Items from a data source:
"""

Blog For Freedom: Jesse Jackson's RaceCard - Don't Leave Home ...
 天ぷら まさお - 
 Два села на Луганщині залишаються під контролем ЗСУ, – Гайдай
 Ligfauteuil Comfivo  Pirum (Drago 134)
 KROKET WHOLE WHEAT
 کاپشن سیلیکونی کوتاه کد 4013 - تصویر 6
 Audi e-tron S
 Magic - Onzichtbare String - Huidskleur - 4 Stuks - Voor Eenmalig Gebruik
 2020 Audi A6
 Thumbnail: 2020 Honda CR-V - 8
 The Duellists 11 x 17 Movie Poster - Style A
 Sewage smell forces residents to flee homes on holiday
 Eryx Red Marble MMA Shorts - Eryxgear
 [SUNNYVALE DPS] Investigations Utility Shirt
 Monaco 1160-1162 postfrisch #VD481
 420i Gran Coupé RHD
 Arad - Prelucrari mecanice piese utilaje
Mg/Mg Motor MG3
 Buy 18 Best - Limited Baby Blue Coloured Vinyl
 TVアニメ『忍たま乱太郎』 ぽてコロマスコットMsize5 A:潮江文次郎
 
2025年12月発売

"""

--- Task ---
Using the records above, output exactly the lines from the first through the line that contains "Audi e-tron S", with both of those included.

--- Your response ---
Blog For Freedom: Jesse Jackson's RaceCard - Don't Leave Home ...
 天ぷら まさお - 
 Два села на Луганщині залишаються під контролем ЗСУ, – Гайдай
 Ligfauteuil Comfivo  Pirum (Drago 134)
 KROKET WHOLE WHEAT
 کاپشن سیلیکونی کوتاه کد 4013 - تصویر 6
 Audi e-tron S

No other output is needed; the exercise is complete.